Memories of 'Happy Dan' and others all that is left of Chicago tracks.

ST. BONIFACIUS, Minn.

I was fortunate to be part of Chicago short-track racing in the early 1950s, and it remains the toughest, most entertaining competition I’ve seen.  
Drivers could race nearly every night of the week, and they developed high degrees of skill in setting up cars and an aggressive, give-no-quarter Chicago driving style. Andy Granatelli’s early promotions at Soldier Field pioneered the way for stock-car popularity, but Raceway Park in Blue Island became the keystone Chicago track, running as many as four nights a week. The pits were always jammed.  
I did the announcing at 87th Street Speedway, a former baseball park, in the heart of the south side. Santa Fe Speedway, where I also announced during its first season, offered dirt racing in suburban Willow Springs. O’Hare Stadium, near the airport, came along in 1956.  
Happy Dan Walters was among the journeyman drivers on those tough Chicago tracks. He was good enough to always have a competitive ride. Walters got his nickname after he crashed a motorcycle and skidded a couple of hundred feet on his chin, wiping out most of his jaw and leaving him with a sort of Andy Gump look and a constant grin — hence, “Happy Dan.”  

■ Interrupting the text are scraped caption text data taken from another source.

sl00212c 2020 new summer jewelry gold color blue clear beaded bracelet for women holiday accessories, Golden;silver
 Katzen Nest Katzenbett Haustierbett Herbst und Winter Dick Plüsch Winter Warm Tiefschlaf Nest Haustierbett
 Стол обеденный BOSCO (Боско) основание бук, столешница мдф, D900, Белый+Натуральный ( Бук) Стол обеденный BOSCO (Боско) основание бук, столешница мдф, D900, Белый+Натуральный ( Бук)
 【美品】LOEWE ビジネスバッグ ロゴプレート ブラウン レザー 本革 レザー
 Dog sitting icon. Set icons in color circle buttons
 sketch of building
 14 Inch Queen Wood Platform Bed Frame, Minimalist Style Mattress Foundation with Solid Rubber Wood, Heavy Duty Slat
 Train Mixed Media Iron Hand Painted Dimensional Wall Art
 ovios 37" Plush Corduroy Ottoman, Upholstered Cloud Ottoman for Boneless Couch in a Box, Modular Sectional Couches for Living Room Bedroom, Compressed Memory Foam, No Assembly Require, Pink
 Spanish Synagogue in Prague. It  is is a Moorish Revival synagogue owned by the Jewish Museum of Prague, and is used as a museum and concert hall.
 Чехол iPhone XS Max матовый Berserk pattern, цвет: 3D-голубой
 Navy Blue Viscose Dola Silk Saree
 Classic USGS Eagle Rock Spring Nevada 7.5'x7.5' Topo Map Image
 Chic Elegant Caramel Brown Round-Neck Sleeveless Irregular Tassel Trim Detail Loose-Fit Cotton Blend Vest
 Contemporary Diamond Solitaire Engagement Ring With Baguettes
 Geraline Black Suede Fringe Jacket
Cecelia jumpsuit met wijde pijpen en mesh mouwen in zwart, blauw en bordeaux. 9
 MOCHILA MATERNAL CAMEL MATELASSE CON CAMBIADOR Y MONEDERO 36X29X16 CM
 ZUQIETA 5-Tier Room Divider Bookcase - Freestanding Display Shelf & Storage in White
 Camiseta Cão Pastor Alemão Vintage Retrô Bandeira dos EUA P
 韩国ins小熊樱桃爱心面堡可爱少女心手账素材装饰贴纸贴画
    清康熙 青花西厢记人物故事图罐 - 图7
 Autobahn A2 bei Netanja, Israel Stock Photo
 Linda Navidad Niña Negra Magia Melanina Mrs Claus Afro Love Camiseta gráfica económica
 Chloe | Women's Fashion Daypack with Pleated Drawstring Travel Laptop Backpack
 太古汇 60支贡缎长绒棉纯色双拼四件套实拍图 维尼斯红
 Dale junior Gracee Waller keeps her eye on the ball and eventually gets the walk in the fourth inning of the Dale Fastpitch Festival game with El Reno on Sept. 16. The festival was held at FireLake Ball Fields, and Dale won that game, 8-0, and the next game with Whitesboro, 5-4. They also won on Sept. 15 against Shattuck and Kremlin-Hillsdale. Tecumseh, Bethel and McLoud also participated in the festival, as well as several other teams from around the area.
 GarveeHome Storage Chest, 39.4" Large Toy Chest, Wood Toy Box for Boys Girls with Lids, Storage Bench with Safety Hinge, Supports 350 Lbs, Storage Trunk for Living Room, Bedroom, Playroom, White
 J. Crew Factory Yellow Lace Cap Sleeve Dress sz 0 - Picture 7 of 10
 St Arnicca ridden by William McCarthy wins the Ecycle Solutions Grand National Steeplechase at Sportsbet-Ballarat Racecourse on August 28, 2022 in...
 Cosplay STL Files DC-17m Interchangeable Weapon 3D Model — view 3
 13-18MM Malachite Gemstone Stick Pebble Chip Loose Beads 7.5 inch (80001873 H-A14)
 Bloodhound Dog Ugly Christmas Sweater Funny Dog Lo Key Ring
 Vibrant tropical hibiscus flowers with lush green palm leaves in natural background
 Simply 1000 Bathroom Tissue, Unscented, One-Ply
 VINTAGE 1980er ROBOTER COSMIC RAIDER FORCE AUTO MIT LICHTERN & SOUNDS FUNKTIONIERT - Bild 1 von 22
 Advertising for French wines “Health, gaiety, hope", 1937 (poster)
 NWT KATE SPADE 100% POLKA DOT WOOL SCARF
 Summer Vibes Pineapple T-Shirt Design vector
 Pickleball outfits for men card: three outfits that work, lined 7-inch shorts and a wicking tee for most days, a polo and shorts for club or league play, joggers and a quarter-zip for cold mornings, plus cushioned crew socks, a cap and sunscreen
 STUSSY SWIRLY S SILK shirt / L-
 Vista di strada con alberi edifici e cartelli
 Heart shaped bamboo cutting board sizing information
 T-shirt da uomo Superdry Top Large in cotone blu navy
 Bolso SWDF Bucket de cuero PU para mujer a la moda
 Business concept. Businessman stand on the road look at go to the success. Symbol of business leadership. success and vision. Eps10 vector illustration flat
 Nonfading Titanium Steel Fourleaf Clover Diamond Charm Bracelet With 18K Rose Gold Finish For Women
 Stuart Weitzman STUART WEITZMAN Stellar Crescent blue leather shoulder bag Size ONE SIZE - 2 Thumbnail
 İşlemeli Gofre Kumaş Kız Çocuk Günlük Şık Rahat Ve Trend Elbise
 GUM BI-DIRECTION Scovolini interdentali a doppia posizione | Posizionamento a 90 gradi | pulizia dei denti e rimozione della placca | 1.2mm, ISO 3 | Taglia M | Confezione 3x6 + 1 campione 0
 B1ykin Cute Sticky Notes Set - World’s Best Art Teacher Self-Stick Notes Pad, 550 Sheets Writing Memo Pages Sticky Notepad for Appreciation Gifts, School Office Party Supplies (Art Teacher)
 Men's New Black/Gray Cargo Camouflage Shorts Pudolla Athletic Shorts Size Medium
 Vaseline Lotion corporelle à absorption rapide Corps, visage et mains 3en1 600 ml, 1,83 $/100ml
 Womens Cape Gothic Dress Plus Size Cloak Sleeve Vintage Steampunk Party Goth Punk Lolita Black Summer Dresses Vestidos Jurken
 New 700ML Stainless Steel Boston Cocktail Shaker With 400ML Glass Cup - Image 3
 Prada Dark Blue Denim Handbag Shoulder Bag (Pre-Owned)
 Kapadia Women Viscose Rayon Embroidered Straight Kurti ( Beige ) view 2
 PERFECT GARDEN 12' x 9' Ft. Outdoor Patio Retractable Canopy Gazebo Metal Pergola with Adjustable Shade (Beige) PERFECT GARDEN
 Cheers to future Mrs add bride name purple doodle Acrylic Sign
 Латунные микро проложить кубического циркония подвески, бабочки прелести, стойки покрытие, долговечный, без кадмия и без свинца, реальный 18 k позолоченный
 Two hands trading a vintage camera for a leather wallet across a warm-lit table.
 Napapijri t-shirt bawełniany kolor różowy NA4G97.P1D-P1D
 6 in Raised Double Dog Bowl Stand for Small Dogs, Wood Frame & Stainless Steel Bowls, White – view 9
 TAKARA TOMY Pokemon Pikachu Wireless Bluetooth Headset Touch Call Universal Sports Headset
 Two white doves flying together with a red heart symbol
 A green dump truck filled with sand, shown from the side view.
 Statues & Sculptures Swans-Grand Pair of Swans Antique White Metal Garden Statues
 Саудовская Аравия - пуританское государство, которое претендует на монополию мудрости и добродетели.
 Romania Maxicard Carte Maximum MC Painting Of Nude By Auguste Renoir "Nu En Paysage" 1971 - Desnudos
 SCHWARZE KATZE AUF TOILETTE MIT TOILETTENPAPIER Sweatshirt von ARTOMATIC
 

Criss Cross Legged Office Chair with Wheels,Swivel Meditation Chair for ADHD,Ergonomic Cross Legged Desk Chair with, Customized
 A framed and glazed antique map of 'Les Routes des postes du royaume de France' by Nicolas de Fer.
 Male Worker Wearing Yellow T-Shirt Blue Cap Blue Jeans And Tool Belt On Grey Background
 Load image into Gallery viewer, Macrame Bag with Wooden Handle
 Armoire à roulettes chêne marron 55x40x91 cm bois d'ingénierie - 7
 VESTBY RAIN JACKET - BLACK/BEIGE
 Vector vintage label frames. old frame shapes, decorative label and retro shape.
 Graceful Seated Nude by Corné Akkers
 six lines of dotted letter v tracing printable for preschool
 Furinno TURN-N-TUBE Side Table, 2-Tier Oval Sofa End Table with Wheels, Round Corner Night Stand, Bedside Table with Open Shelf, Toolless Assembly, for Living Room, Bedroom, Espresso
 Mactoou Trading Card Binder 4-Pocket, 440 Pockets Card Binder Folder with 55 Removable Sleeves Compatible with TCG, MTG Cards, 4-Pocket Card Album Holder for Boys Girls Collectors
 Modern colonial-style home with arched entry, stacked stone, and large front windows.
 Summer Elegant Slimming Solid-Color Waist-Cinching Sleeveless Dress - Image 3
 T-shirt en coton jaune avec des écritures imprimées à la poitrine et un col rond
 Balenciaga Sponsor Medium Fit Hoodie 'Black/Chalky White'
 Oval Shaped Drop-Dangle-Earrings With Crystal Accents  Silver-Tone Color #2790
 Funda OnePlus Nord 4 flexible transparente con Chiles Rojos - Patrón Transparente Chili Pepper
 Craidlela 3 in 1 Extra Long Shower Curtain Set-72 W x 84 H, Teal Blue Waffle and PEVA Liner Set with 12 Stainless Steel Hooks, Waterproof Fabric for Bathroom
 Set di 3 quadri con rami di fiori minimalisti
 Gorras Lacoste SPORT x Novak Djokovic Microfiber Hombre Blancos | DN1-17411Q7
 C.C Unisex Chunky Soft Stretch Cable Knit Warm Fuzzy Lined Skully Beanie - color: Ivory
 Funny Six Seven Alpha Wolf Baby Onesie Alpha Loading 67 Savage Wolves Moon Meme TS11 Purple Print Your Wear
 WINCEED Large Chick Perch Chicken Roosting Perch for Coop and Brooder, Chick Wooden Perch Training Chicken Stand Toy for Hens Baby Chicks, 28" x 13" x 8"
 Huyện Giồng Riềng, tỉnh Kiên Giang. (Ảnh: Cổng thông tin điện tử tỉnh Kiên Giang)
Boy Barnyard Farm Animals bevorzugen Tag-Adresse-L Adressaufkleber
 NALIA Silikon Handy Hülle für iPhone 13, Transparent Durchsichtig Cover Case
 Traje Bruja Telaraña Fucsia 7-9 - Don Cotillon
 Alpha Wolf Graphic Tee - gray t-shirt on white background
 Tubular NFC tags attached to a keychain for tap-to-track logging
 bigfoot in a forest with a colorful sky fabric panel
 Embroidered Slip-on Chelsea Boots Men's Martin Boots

Walters is gone now, but he was part of a wonderful adventure when a crew of Chicago short trackers took a Packard to Daytona in the early 1950s to go late-model racing on Bill France’s beach-road course.
Walters hooked up with Hank Salat, an old-time Hammond, Ind., mechanic, and they journeyed south that February to try their hand at NASCAR racing. Salat was something of a genius with Packards and built some very fast cars for the Chicago short tracks. The small Packard Clipper fastback with the 356-inch, nine-main-bearing engine was fearsomely fast and rugged.
For the beach-road events, the late models qualified through timed straightaway runs on the beach (a smart Bill France idea to tie modern racing to early beach-record attempts). Walters timed the Packard in the middle of the field, but he came back elated, saying, “We got the wrong gear in this thing! I was all wound out before I got into the timing trap.” They changed gears, and although they couldn’t time again, the car was noticeably faster, and they were excited about their chances in the Sunday race.
Here’s the story of that beach-road race, as I recall Walters telling it many years ago. “We started in the middle of this big pack, and I just tried to stay with them and be careful through the north turn,” Walters said. “When I got southbound on the asphalt, I floored it, and that thing really took off. In a half mile the speedometer was pegged at 120, and I was still accelerating. The whole car was shaking. I could hardly hold on. I had never gone so fast in my life. I was thinking, ‘Wow, we’ve got a chance to win this thing,’ when all of a sudden, ‘Bang, bang, bang,’ something hits me in the rear. I look in the mirror, and there’s Dick Rathmann in one of them Hudson Hornets, motioning for me to get out of the way.”
The Packard broke an axle. They trailered it home and went back to the Chicago short tracks, savoring their adventure in the big time.  
The beach-road course was replaced by Daytona Int’l Speedway, and today the Chicago short tracks are all gone, recalled only by great memories like Happy Dan’s story.